James Siebert has partnered with his friend and fellow car enthusiast, Scott Frazho, to start their own brick and mortar performance shop. They have both been interested in and have owned Mitsubishi’s over the years and exchanged stories at the annual Buschur Shootout. Individually, they both have been working on friend’s cars in the respective garages and would purchase parts via another shop to install on customer’s cars. They also would buy race cars, part them out, return them to stock, and then sell them to raise working capital.
In 2016, they decided to partner up and create F&S Motorsports. In the beginning, they just had a website that sold parts, but in November, they opened their brick and mortar location in Michigan to begin working on customer cars. Scott is about 30 minutes from the shop, but Jason commutes 1.5 hours each way to be at the shop. The hours are pretty brutal now, but he considers the initial time as an investment in the company with the intention that it will pay off in the future.

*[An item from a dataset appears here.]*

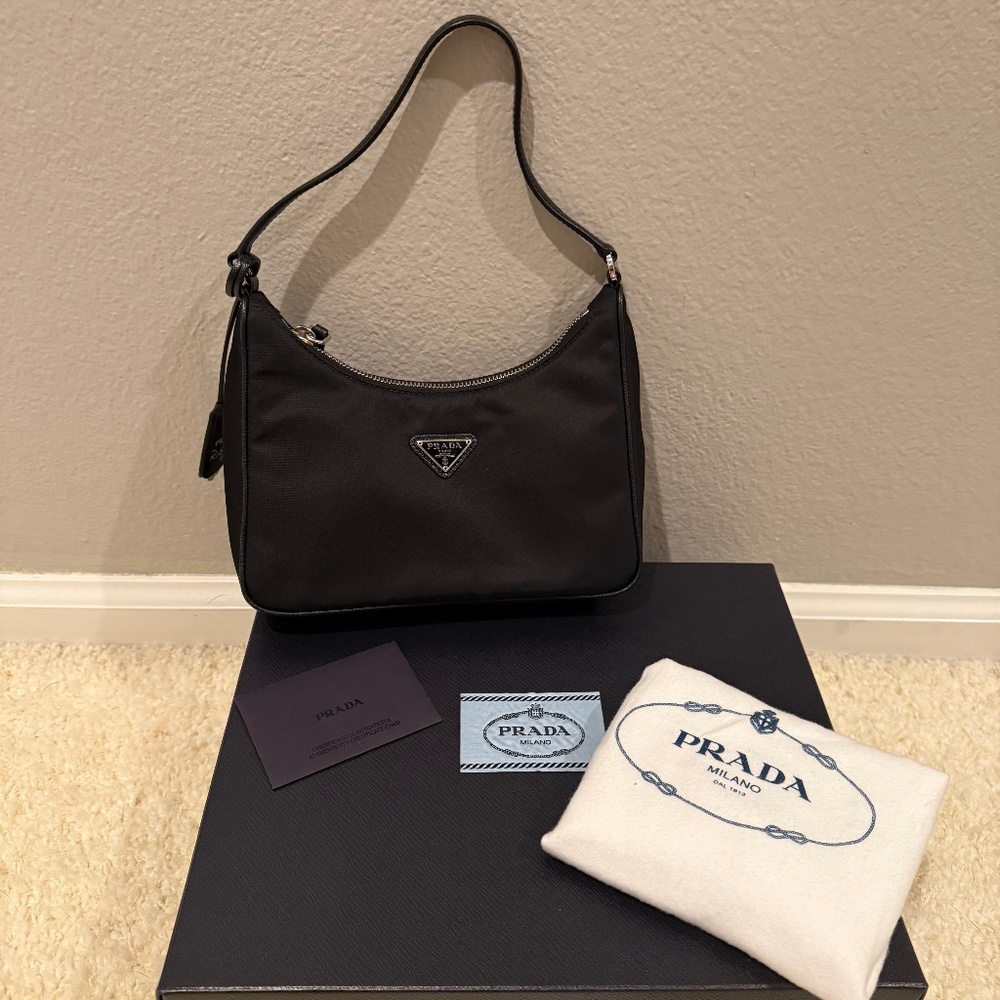 PRADA nylon re-edition 2005 with saffiano leather strap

They are navigating the waters of starting a business with building up their customer base, marketing their business, and figuring out the best packages to offer their customers. We will be following up with James and F&S Motorsports in the future to see how they are progressing.
Marty Staggs was born into drag racing. Both his father and grandfather raced meaning that he was always around fast cars. As a child, Marty helped his dad build dune buggies in the garage and learned to weld at a very young age. He pursued an education in mechanical engineering but never got his college degree. He met his wife and quickly started a family so he got jobs working in commercial controls businesses. But he was always building stuff for cars and focused on the VW platform. Eventually, he stumbled upon a Turbosmart Wastegate and loved the product! In 2006, Marty went to SEMA and met with the owner of Turbosmart. They started to hang out and formed a friendship right away.
Marty found out that Turbosmart had a US distributor and they stayed in contact over the years. This friendship turned into a business partnership when Marty was asked to take over the US market of Turbosmart as the Vice President & General Manager. Since 2009, Marty has grown and expanded the business with proper planning and passion to make it more successful.
Frank Rehak grew up working at the family’s shop and initially thought he was going to find a career as a motorcycle mechanic. He got a few jobs working on motorcycles and realized it wasn’t as great as he hoped. So he went back to work with his dad. He started at the bottom cleaning the machines and sweeping the floors. Frank worked his way up and eventually had quite a lot of responsibility at the shop. He had a few ideas about doing exchanges with customers and boxing up product to sell them anywhere and slowly began implementing these ideas.
He started to transition the shop to doing more CV axle rebuilds. But then the market was flooded with new replacement parts from China and he had to reevaluate his business model. So, he began offering upgraded drive shafts. Now, things have become very serious! They own a 50,000-square foot facility in North Carolina and employee 29 people.